Boeing teams up with HAL, Mahindra for F/A-18 Super Hornet production
13 April 2018
Boeing on Thursday announced a partnership with India’s state-run Hindustan Aeronautics and Mahindra Defence Systems for local production of F/A-18 Super Hornet, as the US aviation and defence major eyes India’s largest fighter jet acquisition programme.
Mahindra Defence, Boeing and Hindustan Aeronautics jointly announced the creation of a strategic alliance for building F/A Super Hornet fighter planes in India, on the sidelines of the ongoing DefExpo 2018.

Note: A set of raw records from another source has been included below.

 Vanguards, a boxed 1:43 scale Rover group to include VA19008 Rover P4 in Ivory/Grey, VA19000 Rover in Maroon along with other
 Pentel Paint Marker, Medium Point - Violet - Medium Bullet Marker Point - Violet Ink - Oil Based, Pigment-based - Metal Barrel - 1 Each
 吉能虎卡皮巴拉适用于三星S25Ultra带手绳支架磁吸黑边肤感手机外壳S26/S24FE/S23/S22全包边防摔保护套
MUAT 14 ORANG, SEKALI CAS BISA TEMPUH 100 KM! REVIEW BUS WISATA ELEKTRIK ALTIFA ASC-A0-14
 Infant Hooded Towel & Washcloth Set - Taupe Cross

The 'Make-in-India’ partnership brings together two Indian private and public sector companies and a leading global aircraft manufacturer.
The announcement comes after the defence ministry last week issued a request for information for 110 combat jets for the Indian Air Force, marking the first step toward a long-delayed defence procurement that could be worth more than $15 billion.

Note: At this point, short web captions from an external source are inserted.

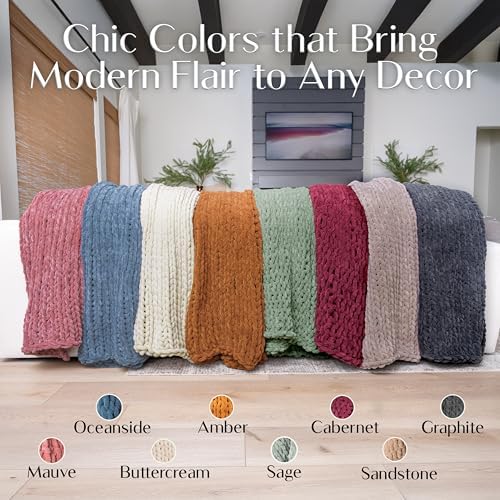 SAMIAH LUXE Green Chunky Knit Boho Throw Blanket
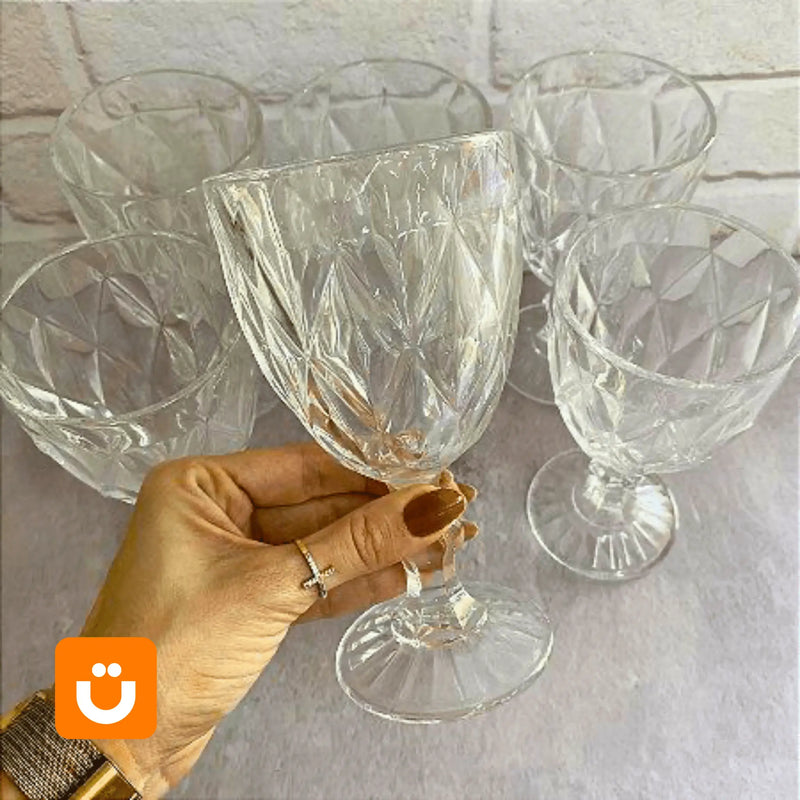 Conjunto 6 Taças Diamante Tioeasy™ - Cristal Transparente e Elegante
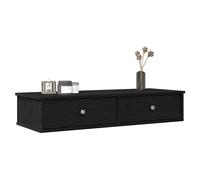 vidaXL Wall Shelf with Drawers Black 100x37.5x19 cm Engineered Wood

"With the F/A-18 SuperHornet programme, Boeing wants to build a deeper, capable aerospace supply chain, building on the 160+ suppliers we already have," Dan Gillian, vice president, F/A-18 programme, Boeing, said.
“Team F/A-18 comes together with MahindraRise, Boeing_In, HAL, GE Aviation, GKN Aero, Northropgrumman and Raytheon to `Make in India’ the fighter plane for India, with India,” Boeing tweeted.
“Proud to partner with MahindraRise and HAL for F/A-18 Super Hornet 'Make in India' ”. Working together to develop the Indian defence production ecosystem,” it added.
Boeing said the Super Hornet 'Make-in-India' proposal is to build an entirely new and state-of-the-art production facility that can be utilised for other programmes like India’s Advanced Medium Combat Aircraft (AMCA) programme.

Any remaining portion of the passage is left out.